What the task asks:
What you return must match, exactly, the lines running from the one containing "Peak 1200W Full" to the end of the data, both included, and must contain no pictures.
Content starts
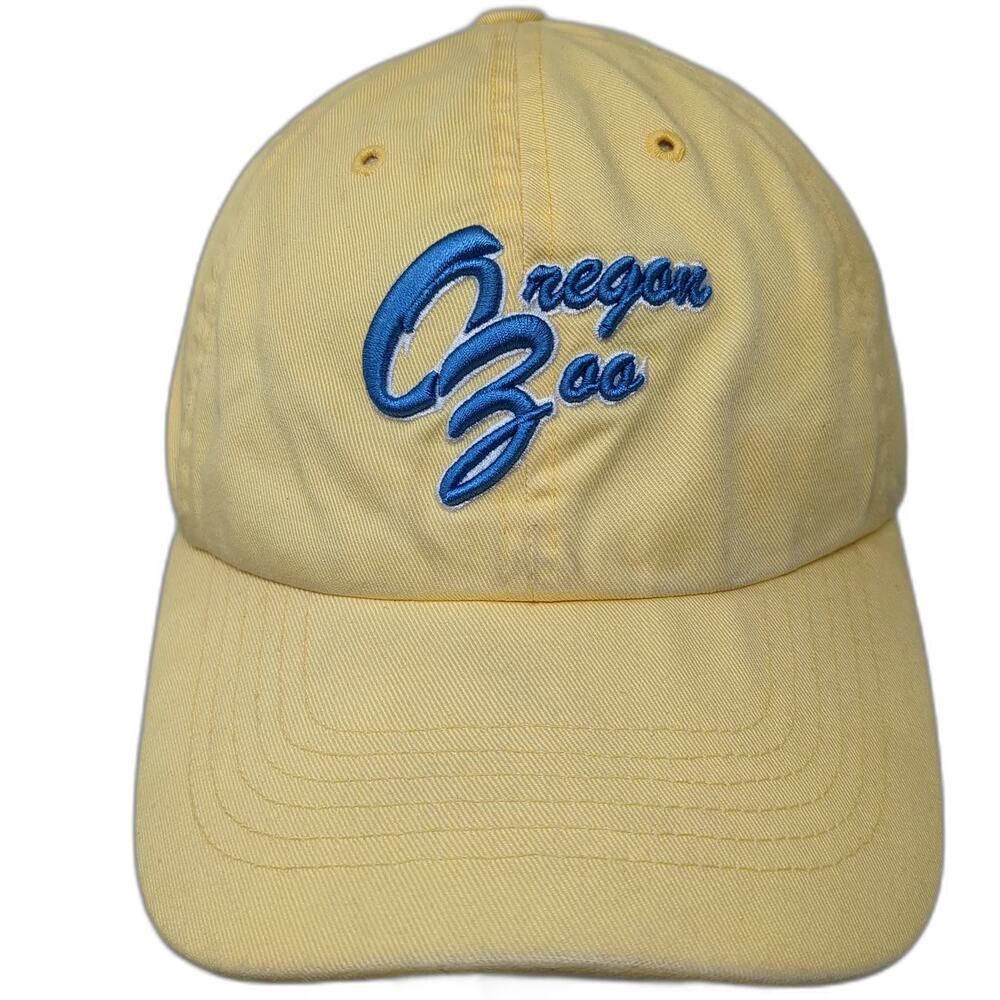 Twins Enterprise Oregon Zoo Hat Yellow Baseball Cap One Size Slideback 1887 Logo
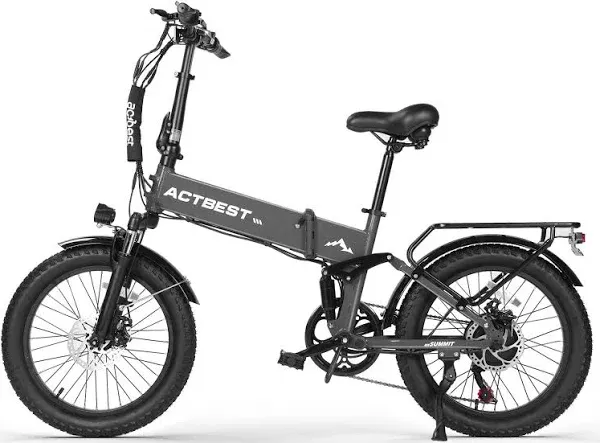 Peak 1200W Full Suspension Actbest Summit Folding Fat TIR Eelectric Bike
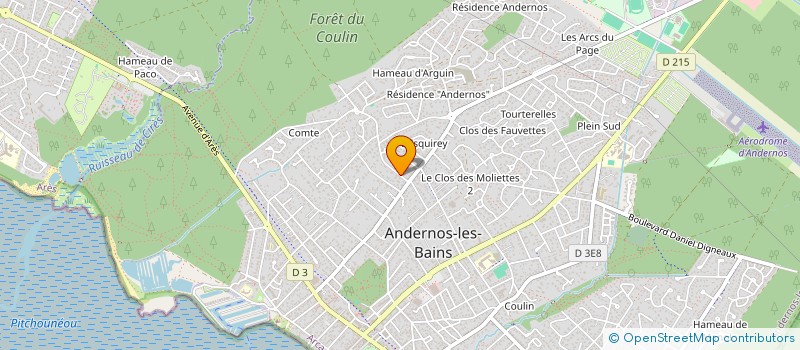 localisation de l'entreprise DAR EL BEIDA  ANDERNOS-LES-BAINS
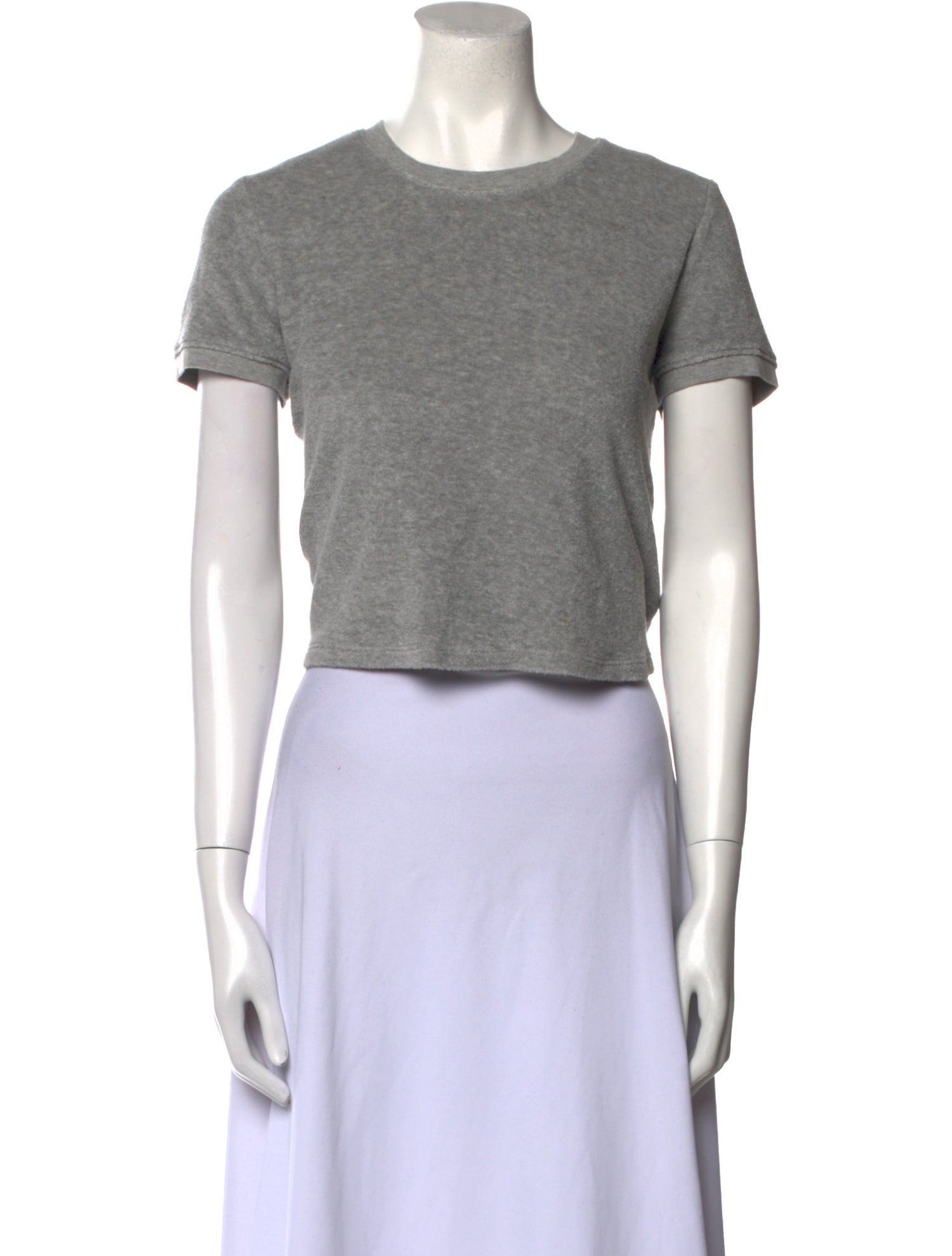 Suzie Kondi Crew Neck Short Sleeve Crop Top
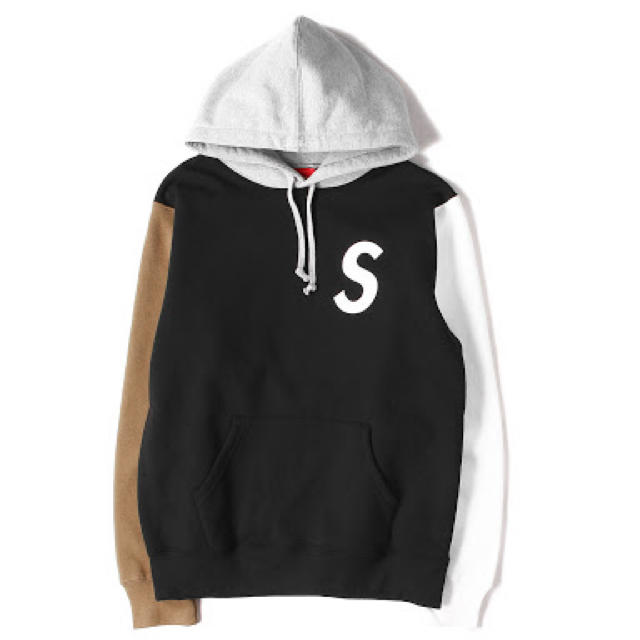 S Logo Colorblocked Hooded Sweatshirt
Content ends
Answer for this exercise:
 Peak 1200W Full Suspension Actbest Summit Folding Fat TIR Eelectric Bike
 localisation de l'entreprise DAR EL BEIDA  ANDERNOS-LES-BAINS
 Suzie Kondi Crew Neck Short Sleeve Crop Top
 S Logo Colorblocked Hooded Sweatshirt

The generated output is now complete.